Q. What kind of advances do you anticipate in the future from continuing this work?
García Martín: I think an intense application of AI and robotics/automation to synthetic biology can accelerate synthetic biology timelines ~20-fold. We could create a new commercially viable molecule in ~6 months instead of ~10 years. This is direly needed if we want to enable a circular bioeconomy – the sustainable use of renewable biomass (carbon sources) to generate energy and intermediate and final products.
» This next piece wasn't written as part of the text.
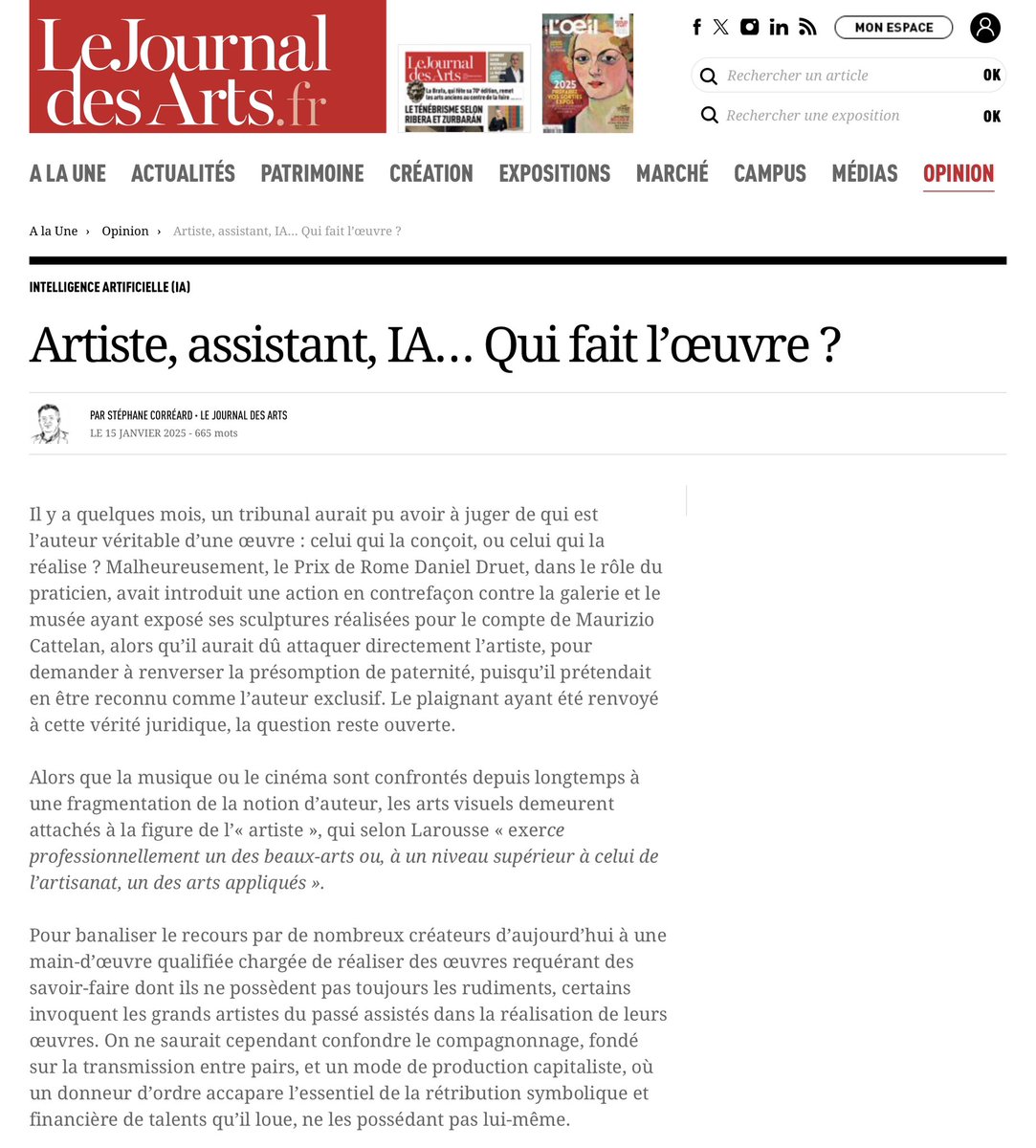 Stéphane Corréard (@correards) on Twitter photo Dans un mouvement lynchien, l’actualité fait écho à mon dernier édito dans <a href="/JDAofficiel/">Le Journal des Arts</a>, consacré aux artistes qui font appel à d’autres pour réaliser leurs œuvres, sans les créditer… Dans un mouvement lynchien, l’actualité fait écho à mon dernier édito dans <a href="/JDAofficiel/">Le Journal des Arts</a>, consacré aux artistes qui font appel à d’autres pour réaliser leurs œuvres, sans les créditer…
There are an estimated 3,574 high‐production‐volume (HPV) chemicals (chemicals that the U.S. produces or imports in quantities of at least 1 million pounds per year) that come from petrochemicals nowadays. A biotechnology company called Genencor needed 575 person-years of work to produce a renewable route for producing one of these widely used chemicals, 1,3-propanediol, and this is a typical figure. If we assume that’s how long it would take to design a biomanufacturing process to replace the petroleum-refining process for each of these thousands of chemicals, we would need ~2,000,000 person years. If we put all the estimated ~5,000 U.S. synthetic biologists (let’s say 10% of all biological scientists in the U.S., and that is an overestimate) to work on this, it would take ~371 years to create that circular bioeconomy. With the temperature anomaly growing every year, we don’t really have 371 years. These numbers are obviously quick back-of-the envelope calculations, but they give an idea of the order of magnitude if we continue the current path. We need a disruptive approach.
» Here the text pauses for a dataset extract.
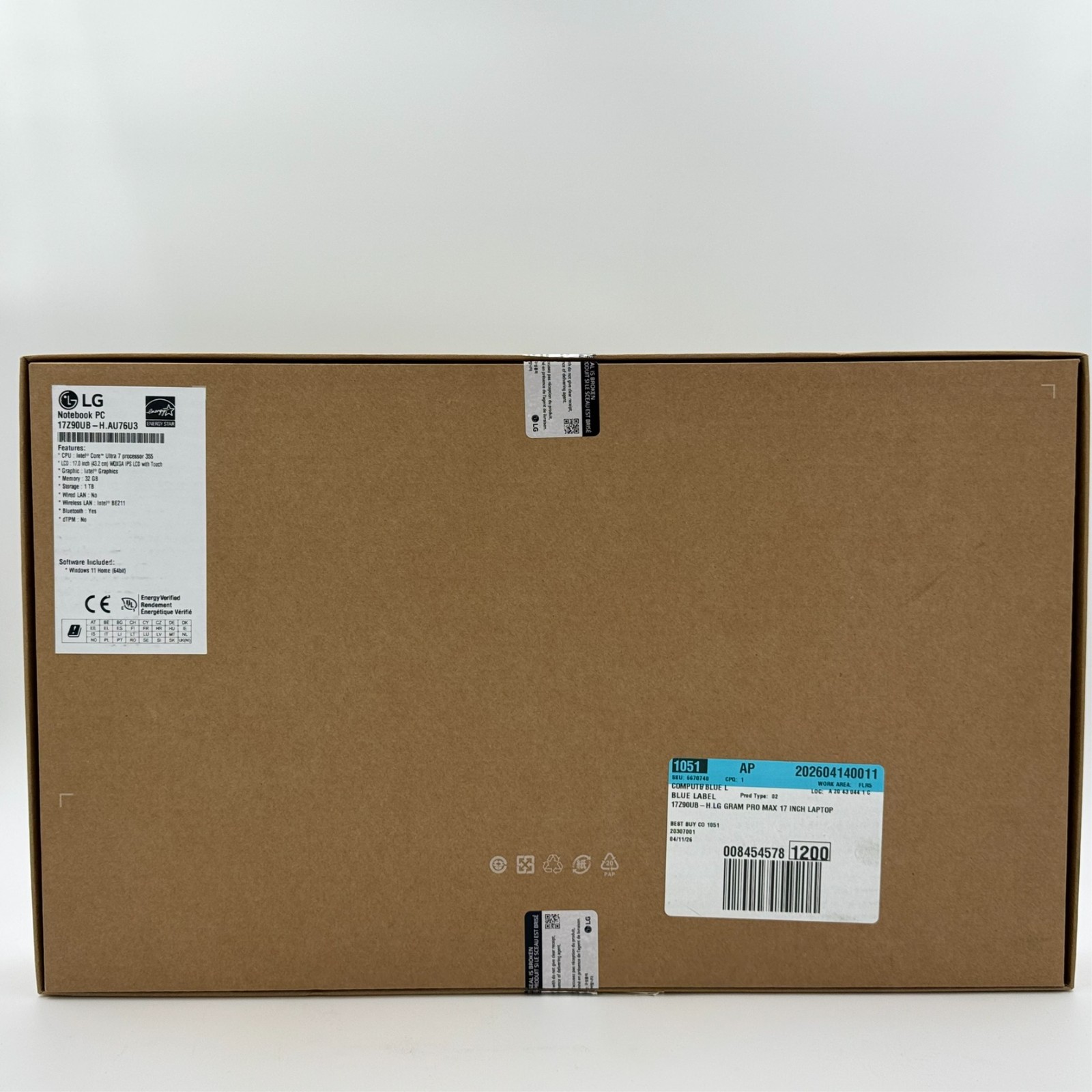 LG gram Max 17″ Touch Laptop Intel Core Ultra 7 32GB RAM 1TB SSD Matte Bronze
Furthermore, this approach would enable the pursuit of more ambitious goals that are unfeasible with current approaches, such as: engineering microbial communities for environmental purposes and human health, biomaterials, bioengineered tissues, etc.
Q. How is Berkeley Lab a unique environment to do this research?
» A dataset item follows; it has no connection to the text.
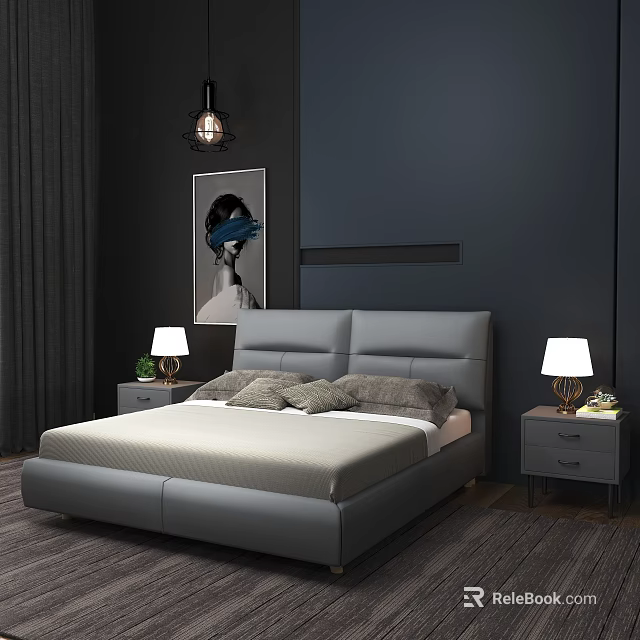 Gray Upholstered Double Bed With Nightstands Table Lamps And Wall Art 3d model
Staff Scientist Hector Garcia Martin (right) and Automation Engineer Randy Louie discuss a liquid handling robot at Berkeley Lab’s Emeryville location.
García Martín: Berkeley Lab has had a strong investment in synthetic biology for the last two decades, and displays considerable expertise in the field. Moreover, Berkeley Lab is the home of “big science”: large-team, multidisciplinary science, and I think that is the right path for synthetic biology at this moment. Much has been achieved in the last seventy years since the discovery of DNA through single-researcher traditional molecular biology approaches, but I think the challenges ahead require a multidisciplinary approach involving synthetic biologists, mathematicians, electrical engineers, computer scientists, molecular biologists, chemical engineers, etc. I think Berkeley Lab should be the natural place for that kind of work.
Q. Tell us a little about your background, what inspired you to study mathematical modeling of biological systems?
García Martín: Since very early on, I was very interested in science, specifically biology and physics. I vividly remember my dad telling me about the extinction of dinosaurs. I also remember being told how, in the Permian period, there were giant dragonflies (~75 cm) because oxygen levels were much higher than now (~30% vs 20%) and insects get their oxygen through diffusion, not lungs. Hence, larger oxygen levels enabled much larger insects. I was also fascinated by the ability that mathematics and physics afford us in understanding and engineering things around us. Physics was my first choice, because the way biology was taught in those times involved a lot more memorization than quantitative predictions. But I always had an interest in learning what scientific principles led to life on Earth as we see it now.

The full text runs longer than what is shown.